** Data for processing follows **
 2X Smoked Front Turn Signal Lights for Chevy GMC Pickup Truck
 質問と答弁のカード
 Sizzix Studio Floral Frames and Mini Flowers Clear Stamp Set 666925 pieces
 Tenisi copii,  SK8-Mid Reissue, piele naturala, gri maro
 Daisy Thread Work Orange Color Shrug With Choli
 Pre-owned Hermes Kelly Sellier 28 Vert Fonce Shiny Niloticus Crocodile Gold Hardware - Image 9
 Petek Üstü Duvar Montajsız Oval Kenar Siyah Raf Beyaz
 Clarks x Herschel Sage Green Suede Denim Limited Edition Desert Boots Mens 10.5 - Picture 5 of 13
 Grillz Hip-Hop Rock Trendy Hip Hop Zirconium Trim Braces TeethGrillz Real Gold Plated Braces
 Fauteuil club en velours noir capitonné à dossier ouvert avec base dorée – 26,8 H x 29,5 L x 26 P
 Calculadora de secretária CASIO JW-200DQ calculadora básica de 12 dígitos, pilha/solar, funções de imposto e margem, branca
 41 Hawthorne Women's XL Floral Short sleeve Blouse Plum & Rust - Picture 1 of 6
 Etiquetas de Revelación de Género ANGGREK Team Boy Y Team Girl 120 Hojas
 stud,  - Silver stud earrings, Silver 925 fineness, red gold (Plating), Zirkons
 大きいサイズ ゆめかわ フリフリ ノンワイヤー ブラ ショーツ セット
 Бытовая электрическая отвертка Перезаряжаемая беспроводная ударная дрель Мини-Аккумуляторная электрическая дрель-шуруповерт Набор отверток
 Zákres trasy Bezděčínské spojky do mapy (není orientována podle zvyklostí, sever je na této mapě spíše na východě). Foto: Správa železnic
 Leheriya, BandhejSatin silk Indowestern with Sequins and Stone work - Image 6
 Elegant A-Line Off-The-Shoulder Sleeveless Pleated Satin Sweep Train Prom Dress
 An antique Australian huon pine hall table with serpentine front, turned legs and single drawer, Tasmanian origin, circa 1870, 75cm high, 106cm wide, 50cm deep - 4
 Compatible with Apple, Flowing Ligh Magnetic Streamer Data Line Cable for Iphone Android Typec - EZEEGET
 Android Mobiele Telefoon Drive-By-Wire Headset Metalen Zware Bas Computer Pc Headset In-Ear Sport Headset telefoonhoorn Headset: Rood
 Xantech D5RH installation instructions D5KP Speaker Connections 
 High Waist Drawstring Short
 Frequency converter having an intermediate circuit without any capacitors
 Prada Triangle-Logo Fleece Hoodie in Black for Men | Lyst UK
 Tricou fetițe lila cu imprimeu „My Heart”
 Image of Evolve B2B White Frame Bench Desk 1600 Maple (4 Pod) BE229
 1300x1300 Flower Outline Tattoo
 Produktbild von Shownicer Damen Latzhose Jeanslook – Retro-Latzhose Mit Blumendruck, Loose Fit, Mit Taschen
** End of Data for processing **
__Task item__. Which lines of the data above contain the string "Picture"? Copy each of them.

__Result of this task__.
 Clarks x Herschel Sage Green Suede Denim Limited Edition Desert Boots Mens 10.5 - Picture 5 of 13
 41 Hawthorne Women's XL Floral Short sleeve Blouse Plum & Rust - Picture 1 of 6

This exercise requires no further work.